The grim barracks where Romania’s brutal communist despot Nicolae Ceausescu and his wife Elena were executed are to be opened to the public in the latest bid to boost “dictator tourism.”
The former military unit at Targoviste, 100km northwest of Bucharest, is to be turned into a museum and is due to welcome its first visitors in next month.
“Many Romanians and foreigners said they wanted to see the wall against which Ceausescu and his wife Elena were shot on Dec. 25, 1989,” said Ovidiu Carstina, director of the museum.
The death of the Ceausescus became one of the defining images of the revolutions which convulsed eastern and central Europe in 1989.
On Dec. 22, as angry crowds gathered in front of the Communist Party headquarters, they fled the capital Bucharest in a helicopter. It was to be their final journey. They were stopped by the army, detained in Targoviste, and shot after a makeshift trial.
It brought to a grisly end more than 20 years of repressive rule aided by a huge security apparatus, where any free speech was ruthlessly suppressed. The population suffered from food and power shortages and on top of that, Ceascescu’s rule was marked by nepotism, paranoia and a deeply ingrained personality cult. Wife Elena was seen as the regime’s “No. 2.”
“Our aim is to present events as they unfolded, without making comments on the trial, the Ceausescus’ life or the cult of personality,” Carstina said.
In the barracks, built in 1907, time seems to have stood still since the execution.
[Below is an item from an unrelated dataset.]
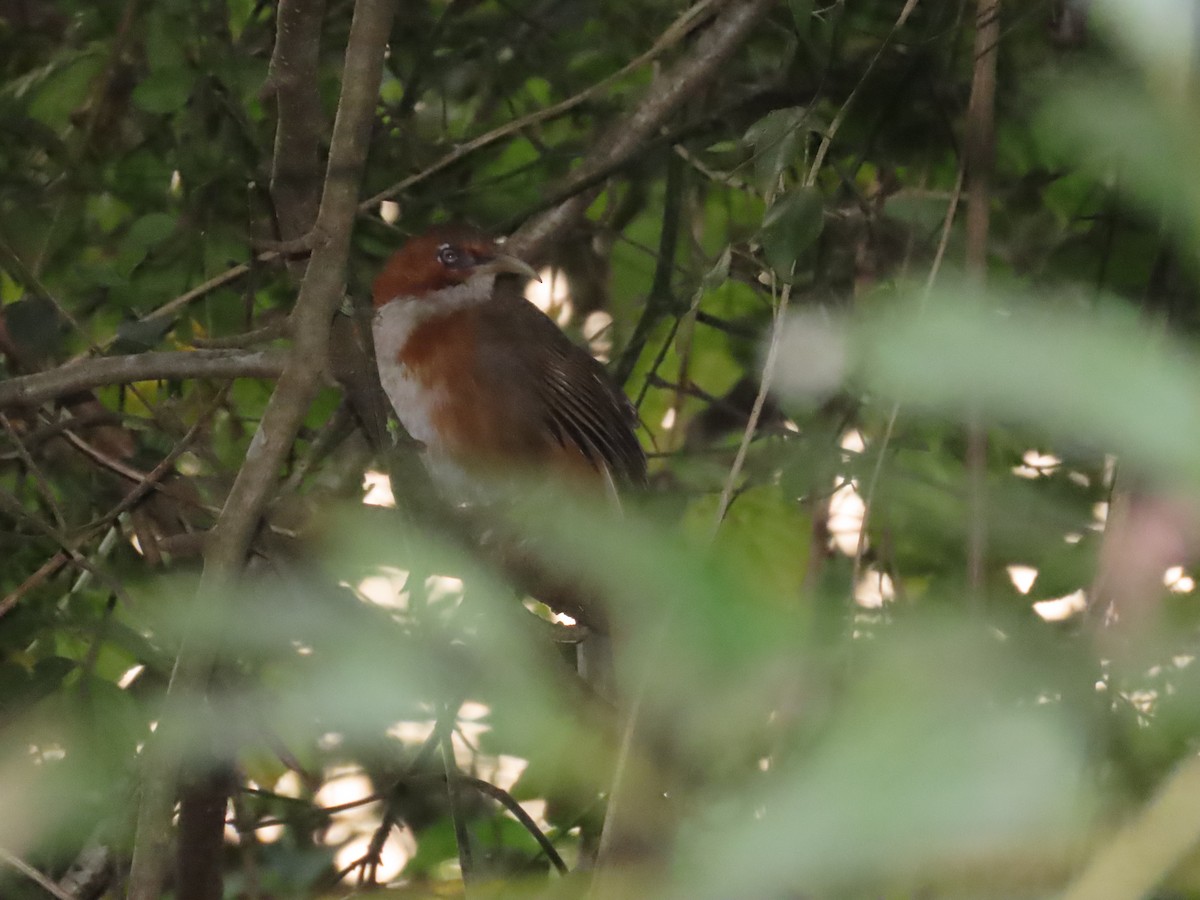 Rusty-cheeked Scimitar-Babbler - ML611304830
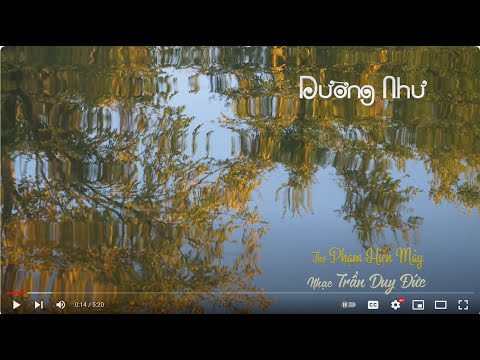 Dường như Sheet - Thảo Quyên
The makeshift dock where Nicolae and Elena, dressed in their winter coats, sat listening to the charges against them will be put back in the very place where the couple were tried and sentenced to death.
Outside, the wall against which they were shot just a few minutes later still carries bullet holes.
Sociologist Vasile Dancu said “every nation must acknowledge its history, without trying to hide certain events.”
A group of Swedish tourists has already booked tickets for the museum, Carstina said.
Also on their must-see list is the grandiose Palace of Parliament in the heart of Bucharest.
To erect the building, initially called “House of the People,” Ceausescu ordered the razing of much of the city’s historic district, forcing the relocation of about 40,000 people, who lost their homes.
The palace is now one of Romania’s top attractions. More than 144,000 tourists visited it in last year, 110,000 of them foreigners.
However, Lucia Morariu, head of the local tour operators’ association, felt turning Ceausescu into a tourist brand was not a good idea.
“Why encourage those who mourn him? Romania boasts other highlights,” she said, citing the Danube delta, part of UNESCO’s heritage, or the picturesque natural reserve of the Retezat mountains, home to Europe’s biggest bear and wolves populations.